Kalman Filter was first used and introduced for the application of trajectory estimation for the Apollo Program. Remember sending this guy to the moon? 🙂

Kalman Filter is actually pretty neat and tricky. This is because although there’s plenty of tutorials online about Kalman Filter, they are mostly task-specific. For example, sensor smoothing and so forth. In this case, we would like to model the position of a toothbrush given an accelerometer and gyroscope value. How should we go about integrating it into our Kalman Filter? Note that this post assumes an understanding of the Kalman Filter as it is not a tutorial. It merely is a documentation and a presentation of the task.
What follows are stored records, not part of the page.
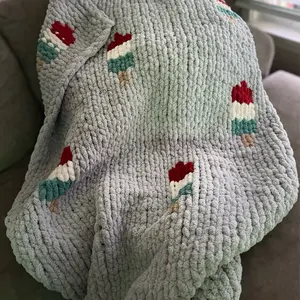 Handmade Popsicle Inspired Chunky-knit Throw Blanket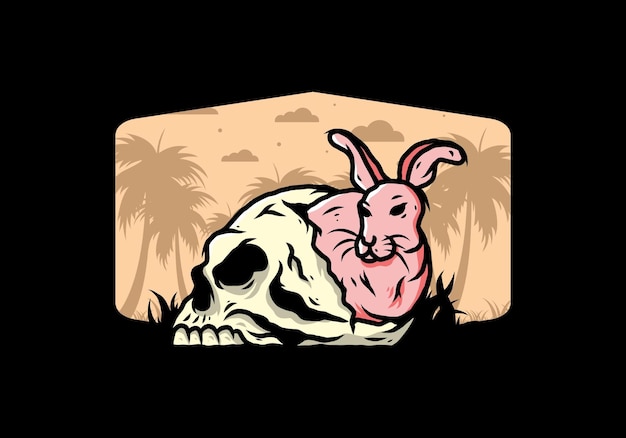 Rabbit hiding inside human skull illustration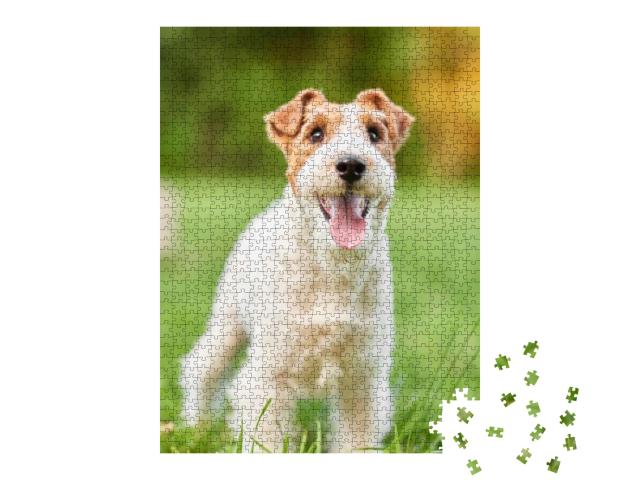 Vertical Shot of a Cute Happy & Healthy Fox Terrier Dog S... Jigsaw Puzzle with 1000 pieces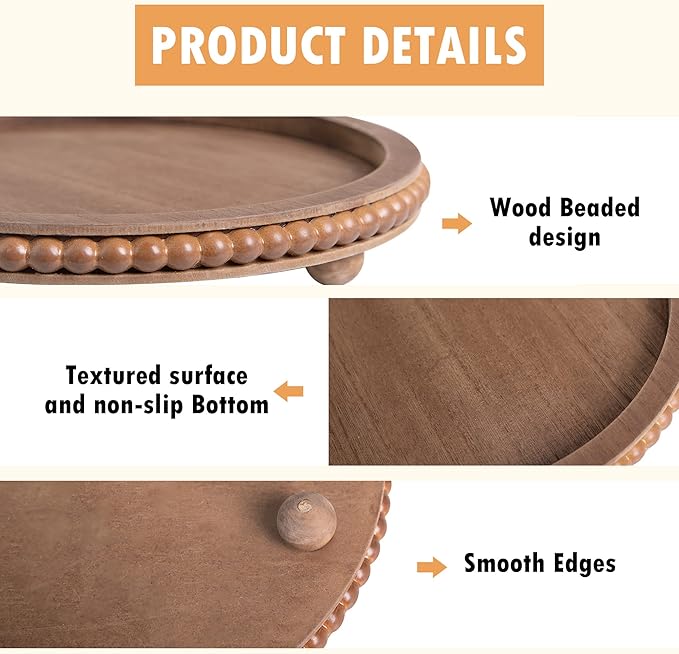 12in Round Wood Beaded Tray - Brown, Distressed Finish - Farmhouse Boho Style - Decorative Tray for Living Room, Coffee Table, Kitchen Table or Serving Tray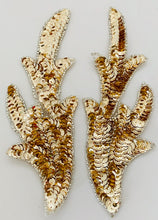 Load image into Gallery viewer, Leaf Pair and singles with Gold Sequins/Beads 7&quot; x 3&quot;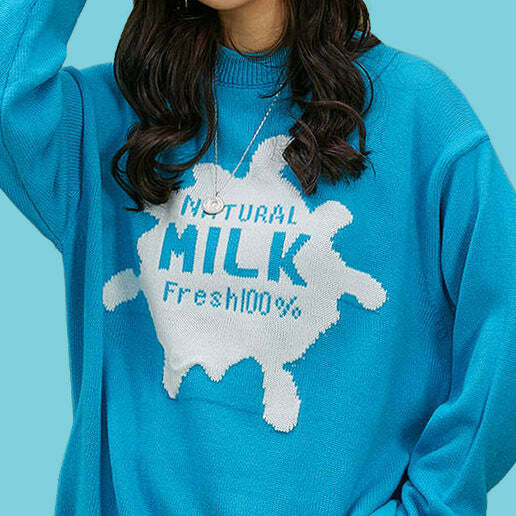 Natural Milk Knit Y2K Fashion Top - Trendy 2000s Style Aesthetic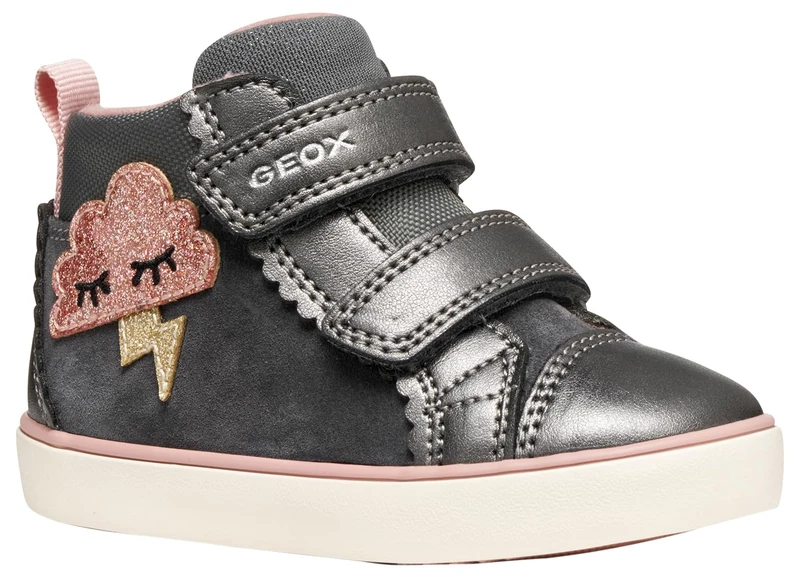 Geox Baby B GISLI Girl Sneaker, Dark Grey, 5 UK Child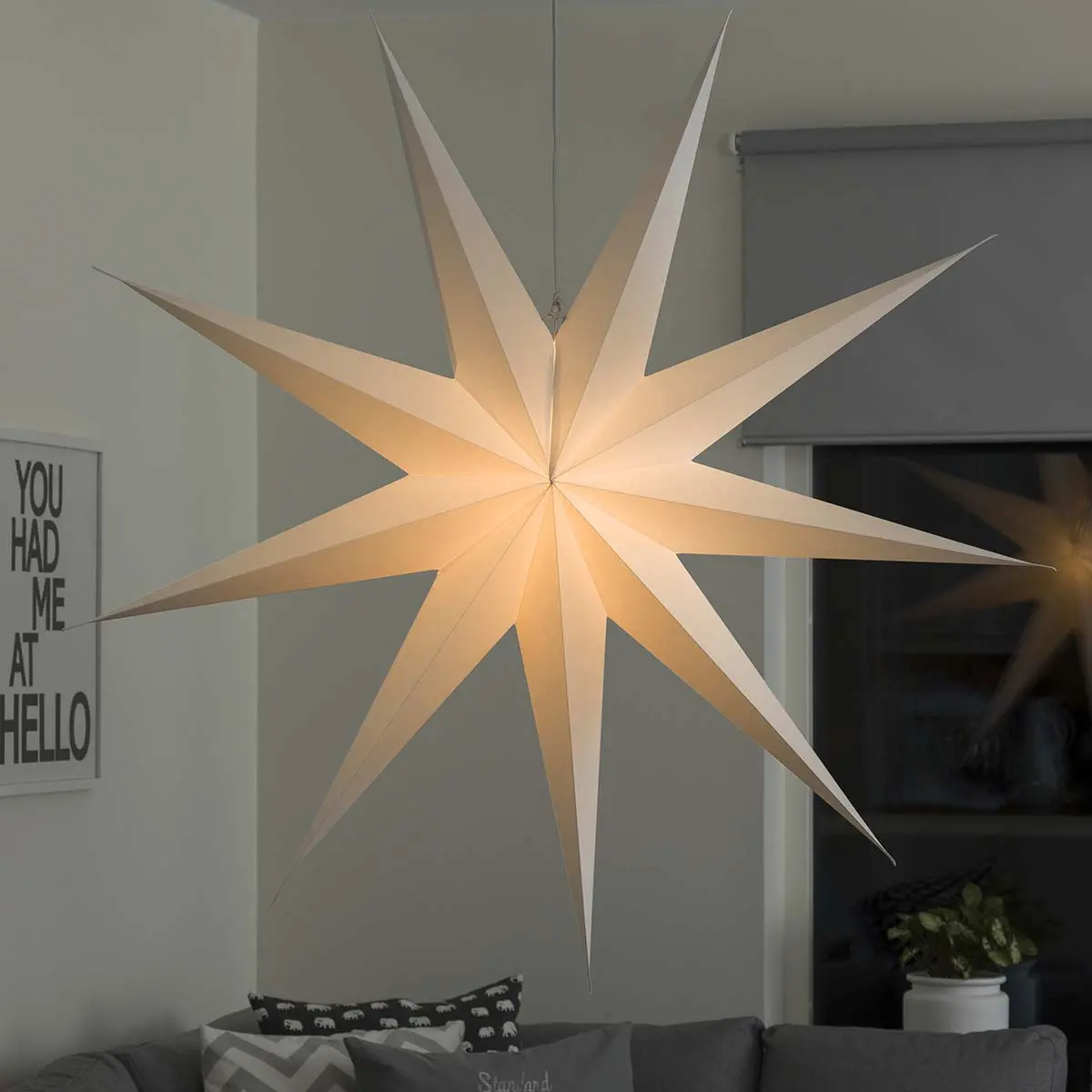Pappersstjärna stor 115cm vit - Pappersstjärnor och metallstjärnor - 7318302919207 - 0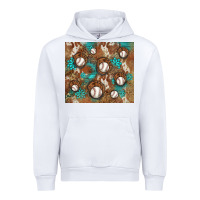 White baseball turquoise gemstones western patterns Urban Hoodie - BarkalooDesign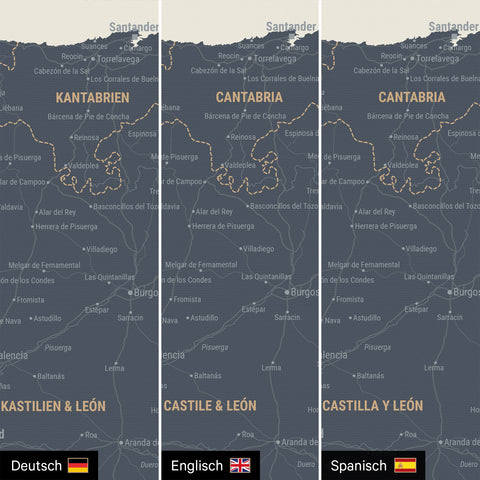 Mapa Hiszpanii i Portugalii TRAVEL® Canvas z pinezkami – Navy Light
I only talk about the main tweaks of the filter to model it as a position estimation problem.


Kalman Filter consists of two main steps, i.e. prediction and the update step. The primary tweak required is of course in the prediction step.


The process noise is modeled as a Gaussian distributed random variable. We could use the variations provided in the datasheet of the sensor as the standard deviation. Since we are dealing with 6-DOF IMU, which consists of accelerometer and gyroscope, an algorithm known as Runge-Kutta is first used to improve the accuracy of accelerometer readings by fusing the readings of both the sensors. The updated accelerometer reading is then fed into the prediction step of the Kalman Filter.

Using the kinematic equation, the position (displacement) is calculated by

Hence, the state is predicted using the following equation by substituting acceleration values in the x, y, and z-axis.

The process noise can be sampled using Monte-Carlo Markov Chain, and more specifically the Metropolis Algorithm.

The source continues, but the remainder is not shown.